Cheers for Circo
Cheers for Circo
I remember, back in 1996, when Circo opened in Midtown, to much acclaim: After all, the three young men (Mario, Marco and Mauro) that opened up this playfully-decorated, Italian restaurant in the Theater District were restaurant royalty: Their father, Sirio Maccione, was the founder of the legendary Le Cirque (“the circus”) in 1974, which, almost instantly upon opening, started attracting the attention of the glitterati, from Steven Spielberg to Gwyneth Paltrow. When Circo opened, it had much the same fanfare, a more casual, (but still flamboyant) dining spot that sent the Page 6 celebs flocking.
I hadn’t been back to Circo since the late 1990s, so recently, while hunting around for a pre-theater dinner spot, I realized that the restaurant was relatively close to the show I was going to see (the wonderful “Holiday Inn”) and so, my friend and I slipped into the lounge area, scooped up a small table (first-come, first serve), and sat down for a revisit.
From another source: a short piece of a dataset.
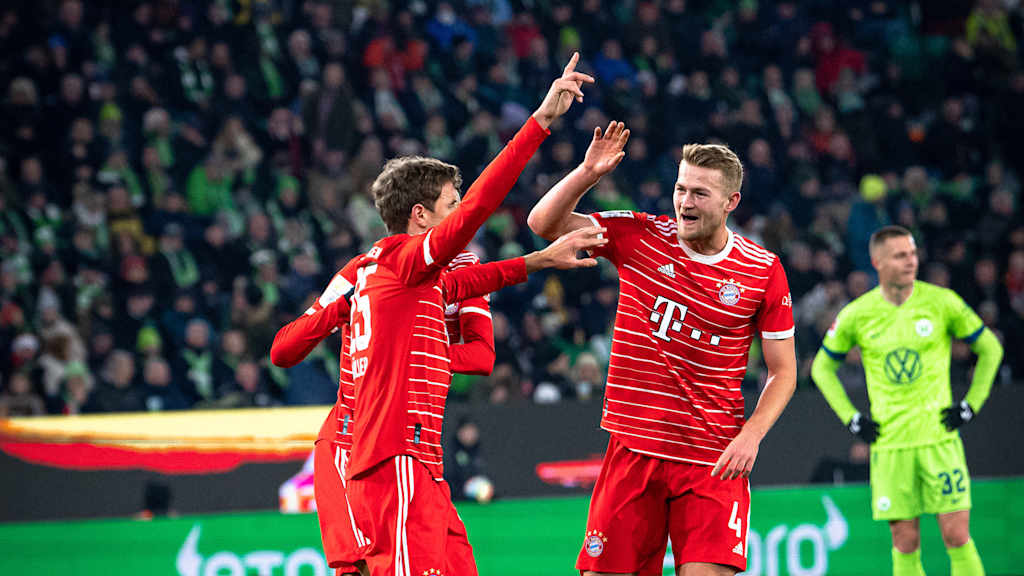 Spieler des FC Bayern bejubeln einen Treffer beim Auswärtssieg in Wolfsburg im Februar 2023.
The decor is just as delightful as I remembered: colorful figurines grace shelves and tables, a red-and-white ceiling circus “tent” billows from the ceiling, and pretty glass wall sconces give the dining room a subdued glow. The menu, filled with classic Tuscan pastas and seafood, was appealing, but right from the start, the mare nostrum caught my eye: a plate of seared calamari, octopus carpaccio, shrimps and clams oreganata. We sided that with a dish of spaghetti, accented with manila clams (yes, we were in a clammy frame of mind), parsley garlic oil and white wine.
Mamma mia: the seafood dish was a marvel, the octopus carpaccio grounding the plate and papery-thin, while the mini-clams could have been eaten like popcorn, so tasty were they. The pasta, fresh and wonderfully al dente was fragranced by the clams and a wonderful, high-grade olive oil that flavored without overpowering.
The boys have done good by papa. He no doubt is proud: 20 years later, the restaurant still shines.